Department of Electrical Power Engineering, Faculty of Engineering, Cairo University, Giza 12613, Egypt.
Electronic and Electrical Engineering Department, College of Engineering, Design and Physical Sciences, Brunel University London, London UB8 3PH, UK.
Sensors (Basel). 2022 Jan 4;22(1):365. doi: 10.3390/s22010365.

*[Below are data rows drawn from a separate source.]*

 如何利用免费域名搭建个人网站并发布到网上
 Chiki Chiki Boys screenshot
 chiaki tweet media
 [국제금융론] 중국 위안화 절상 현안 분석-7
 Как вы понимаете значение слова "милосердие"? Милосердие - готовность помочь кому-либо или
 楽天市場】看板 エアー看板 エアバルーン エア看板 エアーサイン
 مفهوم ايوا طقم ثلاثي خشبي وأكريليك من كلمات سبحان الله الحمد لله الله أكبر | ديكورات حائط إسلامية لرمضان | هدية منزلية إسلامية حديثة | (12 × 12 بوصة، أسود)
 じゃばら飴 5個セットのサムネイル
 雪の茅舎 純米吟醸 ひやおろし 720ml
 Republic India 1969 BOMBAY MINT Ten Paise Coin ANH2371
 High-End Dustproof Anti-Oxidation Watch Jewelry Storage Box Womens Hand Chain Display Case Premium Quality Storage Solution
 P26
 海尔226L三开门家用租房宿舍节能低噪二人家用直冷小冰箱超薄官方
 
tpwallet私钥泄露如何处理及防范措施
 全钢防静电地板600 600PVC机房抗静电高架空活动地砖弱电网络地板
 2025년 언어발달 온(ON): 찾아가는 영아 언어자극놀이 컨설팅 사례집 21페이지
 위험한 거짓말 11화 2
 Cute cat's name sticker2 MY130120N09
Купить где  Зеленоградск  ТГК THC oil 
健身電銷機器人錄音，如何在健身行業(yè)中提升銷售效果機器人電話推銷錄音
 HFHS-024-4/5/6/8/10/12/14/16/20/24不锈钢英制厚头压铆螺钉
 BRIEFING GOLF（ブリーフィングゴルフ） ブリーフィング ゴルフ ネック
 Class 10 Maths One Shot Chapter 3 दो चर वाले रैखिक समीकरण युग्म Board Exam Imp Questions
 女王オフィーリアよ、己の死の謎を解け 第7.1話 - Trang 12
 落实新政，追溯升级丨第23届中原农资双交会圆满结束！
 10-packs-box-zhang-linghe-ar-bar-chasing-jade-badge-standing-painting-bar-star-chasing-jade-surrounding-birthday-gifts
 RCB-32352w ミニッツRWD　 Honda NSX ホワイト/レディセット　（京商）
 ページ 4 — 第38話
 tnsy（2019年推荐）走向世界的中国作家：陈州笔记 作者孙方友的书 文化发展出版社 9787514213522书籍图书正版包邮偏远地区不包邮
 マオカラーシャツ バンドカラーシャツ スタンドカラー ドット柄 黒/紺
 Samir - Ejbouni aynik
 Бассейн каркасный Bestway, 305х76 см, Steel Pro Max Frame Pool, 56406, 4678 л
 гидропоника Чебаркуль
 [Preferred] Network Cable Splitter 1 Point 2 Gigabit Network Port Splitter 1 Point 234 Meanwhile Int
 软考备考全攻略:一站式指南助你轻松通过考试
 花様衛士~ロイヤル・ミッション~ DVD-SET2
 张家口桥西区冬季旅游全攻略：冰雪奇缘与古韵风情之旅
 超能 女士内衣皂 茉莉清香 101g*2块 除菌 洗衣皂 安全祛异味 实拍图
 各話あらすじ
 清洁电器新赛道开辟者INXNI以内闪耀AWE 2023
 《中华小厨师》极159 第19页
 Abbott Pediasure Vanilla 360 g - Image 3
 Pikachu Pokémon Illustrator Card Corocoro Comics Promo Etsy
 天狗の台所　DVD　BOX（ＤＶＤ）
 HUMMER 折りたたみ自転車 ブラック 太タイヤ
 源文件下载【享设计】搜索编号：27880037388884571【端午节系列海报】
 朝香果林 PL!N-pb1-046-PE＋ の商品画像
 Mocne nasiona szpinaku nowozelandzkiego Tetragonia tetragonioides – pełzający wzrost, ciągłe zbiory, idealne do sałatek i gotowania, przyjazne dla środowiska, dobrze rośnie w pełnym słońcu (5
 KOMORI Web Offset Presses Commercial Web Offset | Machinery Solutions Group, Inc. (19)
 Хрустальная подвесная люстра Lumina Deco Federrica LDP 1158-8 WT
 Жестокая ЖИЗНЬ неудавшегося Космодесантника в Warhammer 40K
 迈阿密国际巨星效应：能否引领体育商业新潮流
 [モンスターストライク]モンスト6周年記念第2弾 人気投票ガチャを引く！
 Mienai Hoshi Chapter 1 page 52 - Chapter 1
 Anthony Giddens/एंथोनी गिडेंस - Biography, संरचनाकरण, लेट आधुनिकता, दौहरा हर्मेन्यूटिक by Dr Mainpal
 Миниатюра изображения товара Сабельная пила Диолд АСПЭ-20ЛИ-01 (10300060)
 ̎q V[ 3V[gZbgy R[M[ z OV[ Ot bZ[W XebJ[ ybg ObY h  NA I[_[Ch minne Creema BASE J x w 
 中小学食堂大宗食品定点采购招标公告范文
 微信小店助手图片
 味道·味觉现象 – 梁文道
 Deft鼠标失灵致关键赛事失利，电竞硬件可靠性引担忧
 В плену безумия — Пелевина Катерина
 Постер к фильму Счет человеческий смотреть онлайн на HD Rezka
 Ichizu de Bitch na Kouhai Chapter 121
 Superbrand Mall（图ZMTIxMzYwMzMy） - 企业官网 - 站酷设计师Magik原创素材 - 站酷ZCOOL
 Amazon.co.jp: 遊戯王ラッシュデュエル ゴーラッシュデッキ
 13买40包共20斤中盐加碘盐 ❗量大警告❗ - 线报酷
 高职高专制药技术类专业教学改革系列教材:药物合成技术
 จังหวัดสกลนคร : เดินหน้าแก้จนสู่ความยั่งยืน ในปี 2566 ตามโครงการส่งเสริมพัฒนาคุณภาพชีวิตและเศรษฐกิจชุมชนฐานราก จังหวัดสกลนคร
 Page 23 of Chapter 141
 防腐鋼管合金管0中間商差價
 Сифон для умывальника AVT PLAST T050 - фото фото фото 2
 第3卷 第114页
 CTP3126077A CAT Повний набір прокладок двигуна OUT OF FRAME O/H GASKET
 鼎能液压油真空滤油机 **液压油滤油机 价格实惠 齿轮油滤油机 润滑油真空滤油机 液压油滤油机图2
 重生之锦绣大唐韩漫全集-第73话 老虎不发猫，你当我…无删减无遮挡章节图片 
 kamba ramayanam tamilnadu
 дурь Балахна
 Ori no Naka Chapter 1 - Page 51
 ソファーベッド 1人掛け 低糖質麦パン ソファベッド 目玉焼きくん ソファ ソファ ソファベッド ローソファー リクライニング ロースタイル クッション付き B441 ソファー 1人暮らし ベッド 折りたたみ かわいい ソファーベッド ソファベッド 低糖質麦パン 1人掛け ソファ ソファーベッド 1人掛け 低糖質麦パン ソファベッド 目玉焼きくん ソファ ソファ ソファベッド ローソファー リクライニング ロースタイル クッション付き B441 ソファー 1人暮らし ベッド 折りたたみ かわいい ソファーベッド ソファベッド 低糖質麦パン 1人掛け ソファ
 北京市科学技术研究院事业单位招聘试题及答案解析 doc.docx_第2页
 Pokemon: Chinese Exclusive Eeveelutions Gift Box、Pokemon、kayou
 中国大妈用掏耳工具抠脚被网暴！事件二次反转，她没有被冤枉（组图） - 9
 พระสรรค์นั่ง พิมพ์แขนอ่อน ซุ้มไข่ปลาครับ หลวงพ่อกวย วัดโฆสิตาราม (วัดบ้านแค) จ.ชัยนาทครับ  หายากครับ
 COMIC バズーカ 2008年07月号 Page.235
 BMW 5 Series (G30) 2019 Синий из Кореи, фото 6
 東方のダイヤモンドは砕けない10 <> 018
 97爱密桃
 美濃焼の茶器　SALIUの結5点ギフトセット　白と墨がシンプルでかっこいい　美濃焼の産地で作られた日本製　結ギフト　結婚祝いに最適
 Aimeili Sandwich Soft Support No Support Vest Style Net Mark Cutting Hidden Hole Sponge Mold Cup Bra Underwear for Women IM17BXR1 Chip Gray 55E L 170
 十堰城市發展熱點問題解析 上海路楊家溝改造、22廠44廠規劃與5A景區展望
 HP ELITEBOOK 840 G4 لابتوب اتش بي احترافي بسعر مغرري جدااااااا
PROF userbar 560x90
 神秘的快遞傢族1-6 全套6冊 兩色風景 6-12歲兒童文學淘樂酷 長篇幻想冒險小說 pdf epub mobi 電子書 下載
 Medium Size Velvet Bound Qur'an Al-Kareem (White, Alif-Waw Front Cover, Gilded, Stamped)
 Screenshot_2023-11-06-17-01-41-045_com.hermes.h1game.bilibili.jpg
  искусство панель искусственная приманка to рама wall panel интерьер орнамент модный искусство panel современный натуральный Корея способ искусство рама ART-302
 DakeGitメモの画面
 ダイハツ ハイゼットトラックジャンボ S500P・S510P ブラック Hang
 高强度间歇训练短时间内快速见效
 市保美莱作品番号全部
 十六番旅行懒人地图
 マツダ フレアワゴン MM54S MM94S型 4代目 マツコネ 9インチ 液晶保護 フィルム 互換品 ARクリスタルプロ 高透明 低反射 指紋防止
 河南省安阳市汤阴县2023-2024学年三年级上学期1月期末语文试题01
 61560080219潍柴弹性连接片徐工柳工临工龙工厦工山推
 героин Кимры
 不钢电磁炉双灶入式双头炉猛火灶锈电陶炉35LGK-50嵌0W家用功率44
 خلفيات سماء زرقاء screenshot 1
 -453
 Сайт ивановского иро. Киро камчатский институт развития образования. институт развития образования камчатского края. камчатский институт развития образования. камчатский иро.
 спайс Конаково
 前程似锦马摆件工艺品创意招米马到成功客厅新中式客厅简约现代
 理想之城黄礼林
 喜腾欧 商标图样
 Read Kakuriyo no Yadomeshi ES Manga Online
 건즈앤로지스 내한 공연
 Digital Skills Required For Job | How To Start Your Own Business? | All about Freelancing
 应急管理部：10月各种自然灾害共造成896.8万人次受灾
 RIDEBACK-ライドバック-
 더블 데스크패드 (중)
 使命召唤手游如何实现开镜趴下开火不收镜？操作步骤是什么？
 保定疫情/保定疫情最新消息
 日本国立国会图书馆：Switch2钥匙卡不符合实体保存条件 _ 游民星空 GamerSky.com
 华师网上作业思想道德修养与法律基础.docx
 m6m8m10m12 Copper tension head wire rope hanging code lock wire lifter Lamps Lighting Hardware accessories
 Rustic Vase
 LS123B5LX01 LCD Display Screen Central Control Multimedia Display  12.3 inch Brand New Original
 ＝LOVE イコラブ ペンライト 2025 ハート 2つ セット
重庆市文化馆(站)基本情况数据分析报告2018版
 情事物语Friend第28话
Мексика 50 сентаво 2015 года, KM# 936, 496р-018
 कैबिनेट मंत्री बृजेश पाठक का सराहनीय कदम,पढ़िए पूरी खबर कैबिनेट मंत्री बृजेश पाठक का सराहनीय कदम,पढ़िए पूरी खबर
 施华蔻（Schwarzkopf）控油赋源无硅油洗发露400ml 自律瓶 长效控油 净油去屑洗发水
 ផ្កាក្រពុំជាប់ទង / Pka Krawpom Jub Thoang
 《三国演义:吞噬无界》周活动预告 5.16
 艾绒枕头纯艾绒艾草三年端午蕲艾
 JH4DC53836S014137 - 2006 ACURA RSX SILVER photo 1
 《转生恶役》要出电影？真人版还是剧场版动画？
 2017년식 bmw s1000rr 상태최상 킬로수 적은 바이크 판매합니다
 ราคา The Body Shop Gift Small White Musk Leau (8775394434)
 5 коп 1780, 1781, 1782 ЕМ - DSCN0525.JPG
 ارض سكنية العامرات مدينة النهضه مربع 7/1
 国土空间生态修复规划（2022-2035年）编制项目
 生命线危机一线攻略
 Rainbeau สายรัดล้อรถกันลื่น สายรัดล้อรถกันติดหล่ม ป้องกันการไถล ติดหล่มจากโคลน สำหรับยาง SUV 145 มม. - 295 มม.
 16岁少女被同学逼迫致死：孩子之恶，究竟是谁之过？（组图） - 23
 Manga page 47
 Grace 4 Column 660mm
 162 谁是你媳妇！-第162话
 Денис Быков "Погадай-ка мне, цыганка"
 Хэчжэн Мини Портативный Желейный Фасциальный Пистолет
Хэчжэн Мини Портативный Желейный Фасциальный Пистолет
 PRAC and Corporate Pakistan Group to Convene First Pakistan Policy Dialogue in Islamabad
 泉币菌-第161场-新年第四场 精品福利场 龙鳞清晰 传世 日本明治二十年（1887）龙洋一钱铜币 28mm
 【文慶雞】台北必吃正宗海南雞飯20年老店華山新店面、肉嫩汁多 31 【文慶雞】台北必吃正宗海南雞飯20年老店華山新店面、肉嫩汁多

This paper introduces a novel online adaptive protection scheme to detect and diagnose broken bar faults (BBFs) in induction motors during steady-state conditions based on an analytical approach. The proposed scheme can detect precisely adjacent and non-adjacent BBFs in their incipient phases under different inertia, variable loading conditions, and noisy environments. The main idea of the proposed scheme is monitoring the variation in the phase angle of the main sideband frequency components by applying Fast Fourier Transform to only one phase of the stator current. The scheme does not need any predetermined settings but only one of the stator current signals during the commissioning phase. The threshold value is calculated adaptively to discriminate between healthy and faulty cases. Besides, an index is proposed to designate the fault severity. The performance of this scheme is verified using two simulated motors with different designs by applying the finite element method in addition to a real experimental dataset. The results show that the proposed scheme can effectively detect half, one, two, or three broken bars in adjacent/non-adjacent versions and also estimate their severity under different operating conditions and in a noisy environment, with accuracy reaching 100% independently from motor parameters.
本文提出了一种新颖的在线自适应保护方案,用于在稳态条件下基于解析方法检测和诊断感应电动机中的断条故障(BBF)。该方案可以在不同惯性、变负载条件和噪声环境下精确检测初始阶段的相邻和非相邻 BBF。该方案的主要思想是通过对定子电流的一个相施加快速傅里叶变换来监测主边带频率分量的相角变化。该方案不需要任何预定的设置,只需要在调试阶段的一个定子电流信号。阈值是自适应计算的,以区分正常和故障情况。此外,还提出了一个指标来指定故障严重程度。该方案的性能通过应用有限元法对两个具有不同设计的模拟电机进行了验证,此外还使用了真实的实验数据集。结果表明,该方案可以有效地检测相邻/非相邻版本中的半根、一根、两根或三根断条,并在不同的运行条件和噪声环境下估计其严重程度,准确性达到 100%,与电机参数无关。